Disakiti, direndahkan, dan dibicarakan. Kupikir itu merupakan hal yang wajar ketika kau masih berada di dunia. Ya, jadi bersikap tenanglah, jangan merengek, dan hidup penuh drama.
-POLARIS-
...
Manusia adalah makhluk paling unik di muka bumi ini. Semakin ada banyak manusia maka semakin beragam pula sifat yang menghiasi dunia ini. Kerennya lagi, bahkan walaupun sesama manusia kita tidak benar-benar dapat memahami sifat maupun pikiran manusia lainnya.
Ya, manusia itu rumit.
Yui mengembus napas panjang, tampak gadis yang tengah menyandang tas biru mudanya itu berjalan tidak semangat seraya menuruni tangga dengan malas. Yui tahu harusnya ia senang sekarang, bukan hanya senang mungkin jika bisa ia akan berteriak kegirangan sekarang. Langka sekali bukan Senior ingin mengajaknya berbicara duluan? Momen seperti ini harusnya diabadikan di museum terdekat.
Namun, hanya saja Senior benar-benar tidak tepat mengajaknya bicara sekarang. Satu-satunya hal yang Yui inginkan adalah menuju rumah secepatnya lalu membenamkan wajah di bantal seraya mencoba larut dalam mimpinya.
Sungguh benar-benar hari yang melelahkan. Memang bukan secara fisik, hanya saja mentalnya tengah dikuras habis oleh teman-teman sekelas dan guru di sekolah ini.
"Senior," panggil Yui menghentikan langkah begitu sesampainya di belakang sekolah.
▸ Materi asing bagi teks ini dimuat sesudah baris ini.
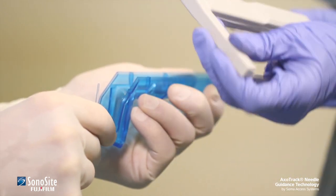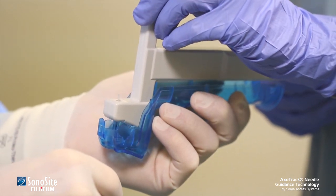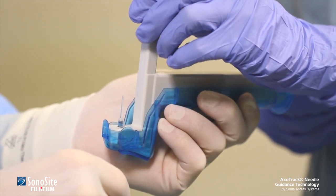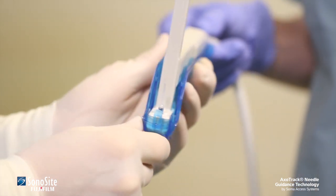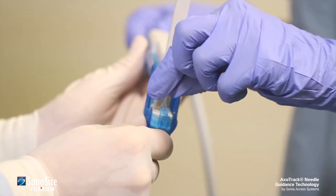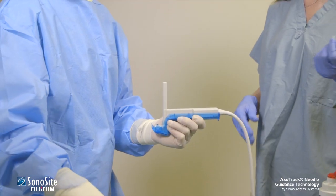The assistant lowers the transducer into the bottom half of the transducer shield until it is fully seated. Care must be used to avoid contaminating the practitioner's sterile gloves. The protective cap is removed by the non-sterile assistant, using care to avoid touching the sterile bottom shield.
Seperti biasa angin sore berembus kencang, membuat warna-warni dedaunan pohon ketapang jatuh melayang dengan indah.
Kedua sudut bibir Yui terangkat, begitu sehelai daun ketapang merah jatuh tepat di puncak kepalanya. Didaratkannya tubuh di bawah pepohonan seraya menyambar sebelah headset hitam di telinga Senior dengan cepat, berhasil membuat cowok itu tersentak seraya menutup buku bacaannya.
Yui tertawa pelan, menempelkan sebelah headset itu ke sebelah telinga. "Wah! Untung kau benar-benar sedang mendengar lagu Senior! Kupikir kau pura-pura tidak mendengarkanku seperti kemarin."
"Aku berubah pikiran," jawab Senior melepaskan sebelah headset lagi lalu menyodorkannya ke arah Yui. Yui meraih, namun tak lama gadis itu mengembungkan pipi begitu lagu dimatikan oleh Senior dengan tiba-tiba. "Kupikir suara penyanyi di lagu ini jauh lebih bagus dibandingkan suara cemprengmu."
"Suaraku merdu," ucap Yui, mengangkat bibir bawah seraya berpikir. "Tanteku bilang waktu kecil aku sering mengikuti lomba menyanyi."
Kedua alis laki-laki itu terangkat, tidak yakin. "Menang?"
"Tentu saja..." Yui tersenyum bangga, lalu menggaruk belakang kepala begitu melihat mata bundar Senior membulat tidak percaya. "Tidak."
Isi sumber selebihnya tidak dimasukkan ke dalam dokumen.